An overview of current recommendations for oxygen administration in different patient populations
and a discussion on optimal oxygen target values.

Oxygen is the most commonly used substance in hospitals today. After its discovery around 1771 by the German-Swedish pharmacist Carl Wilhelm Scheele and the English chemist Joseph Priestley, oxygen underwent rapid adoption as a drug in medicine and was already used in 1783 for the treatment of tuberculosis patients and in newborn asphyxia. However, oxygen synthesis remained problematic and sufficient amounts of oxygen only became available after the development of an air separation process by C. von Linde in 1902 that is still in use today. The Lubeca valve patented in 1889 by J. H. Draeger and his son B. Draeger was originally intended for the dosage of carbon dioxide in draught beer dispensers but served equally well as a pressure regulator for the dosage of medically indicated oxygen from compressed gas cylinders (Koehler et al. 2011). But soon, the first reports of oxygen toxicity surfaced. Laboratory mammals were exposed to different oxygen atmospheres over varying periods of time and e.g. suffered from seizures, pulmonary oedema or perished. Along with the spirit in these times, researchers verified the results on themselves, although these experiments were usually aborted before serious harm was done (Bornstein 1912).

Today, our understanding of oxygen has grown significantly and is not limited to the observation of its toxic effects. We know that in the blood, oxygen is predominantly transported by haemoglobin and that due to the sigmoidal binding curve, only little of oxygen is transported above a partial pressure of approximately 80 mmHg while the overall physically dissolved oxygen remains negligible under normobaric conditions. In the respiratory chain, oxygen is reduced by cytochrome c oxidase, contributing to the formation of a mitochondrial transmembrane gradient for protons, which is required for the synthesis of adenosine triphosphate. If sufficient oxygen is not available, the respiratory chain is interrupted, and energy production is limited to anaerobic glycolysis. Clinically, hypoxia results in lactic acidosis and necrosis of hypoxia-sensitive tissues such as central nervous system cells. Therefore, oxygen is vital for primates and its application life-saving in emergency situations when hypoxaemia is present (Grensemann et al. 2021).

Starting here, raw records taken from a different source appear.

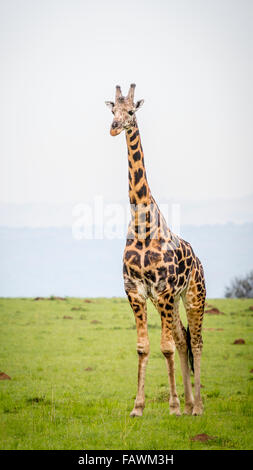 Girafe (Giraffa camelopardalis), Murchison Falls National Park ; l'Ouganda Banque D'Images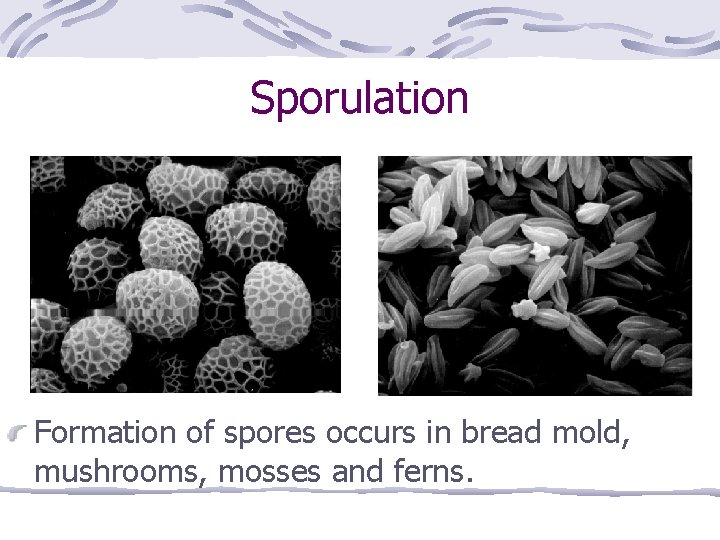 Sporulation Formation of spores occurs in bread mold, mushrooms, mosses and ferns. 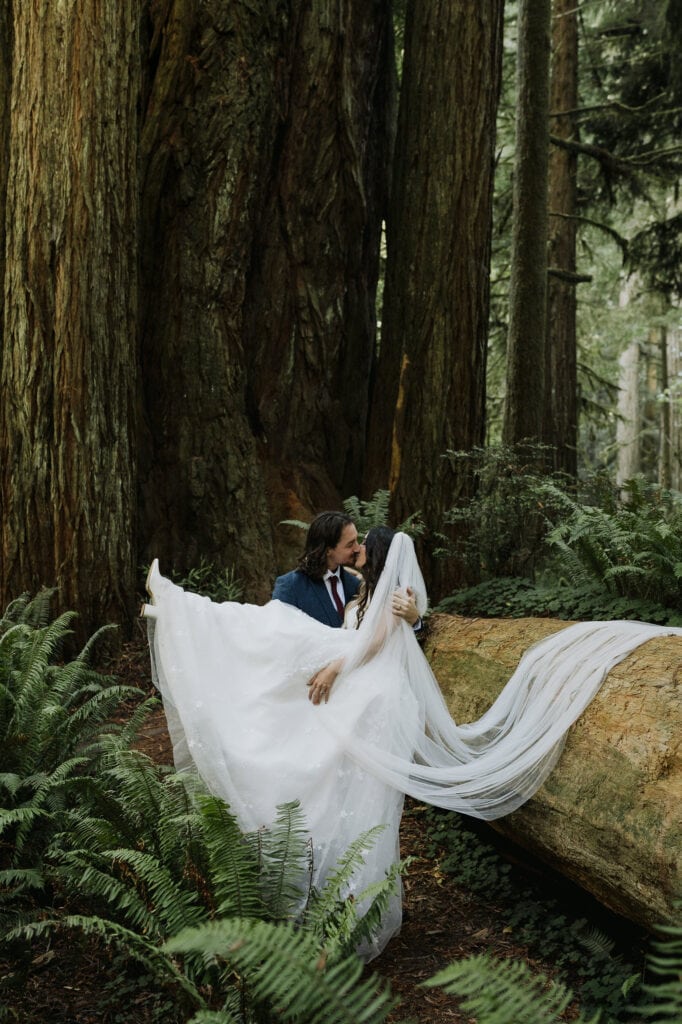 redwoods elopement guide redwoods elopement photographer julia mina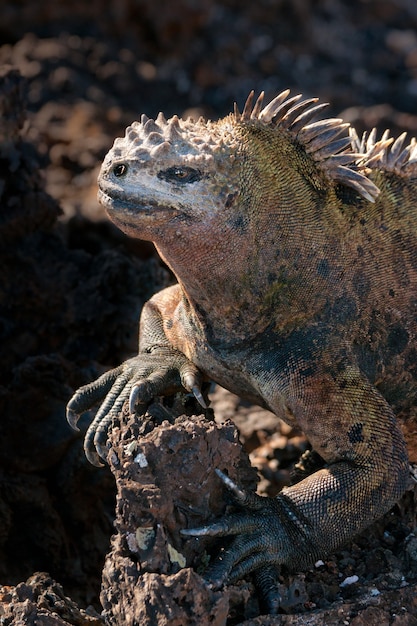 Foto de fechamento vertical de uma iguana marinha das Galápagos em uma rocha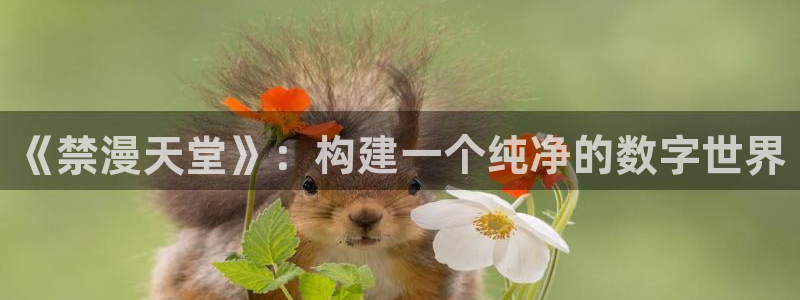 omofun动漫官网正版下载：《禁漫天堂》：构建一个纯净的数字世界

However, sometimes we seem to have forgotten the results of early medical research that has pointed out adverse effects in terms of oxygen toxicity. Often enough, we see blood gas analyses in critically ill patients with partial pressures of oxygen far above the physiological range, despite our understanding that hyperoxia leads to an increase of free oxygen radicals (reactive oxygen species, ROS) that leads to cell damage resulting in apoptosis or necrosis. Additional factors such as an infection, in which pathogen associated molecular patterns (PAMPs) are released, further promote cell damage. Both apoptosis and necrosis lead to the release of further mediators and danger associated molecular patterns (DAMPs), which in turn, together with oxygen free radicals, cause further cell damage and thus maintain a vicious circle (Helmerhorst et al. 2015). The formation of ROS is favoured by a high oxygen partial pressure.

But is this clinically relevant as well? Looking at diseases in which a vascular occlusion is causative as in myocardial infarction or ischaemic stroke, at first sight it seems logical to increase oxygen tension in an attempt to improve oxygenation of the ischaemic tissue. However, this conversely might lead to the demise of tissue at risk by the vicious cycle explained above. With respect to the currently available data, this second mechanism seems to be in the lead.

In the prospective randomised AVOID trial in patients with ST-segment elevation myocardial infarction, one group received oxygen when oxygen saturation as measured peripherally by pulse oximetry was < 94%, whereas the other group received a fixed dose of 8 L/min (Stub et al. 2015). After six months, the fixed-dose oxygen group had a higher serum creatine kinase, a higher re-infarction rate as well as arrhythmias, and larger infarct size on magnetic resonance imaging.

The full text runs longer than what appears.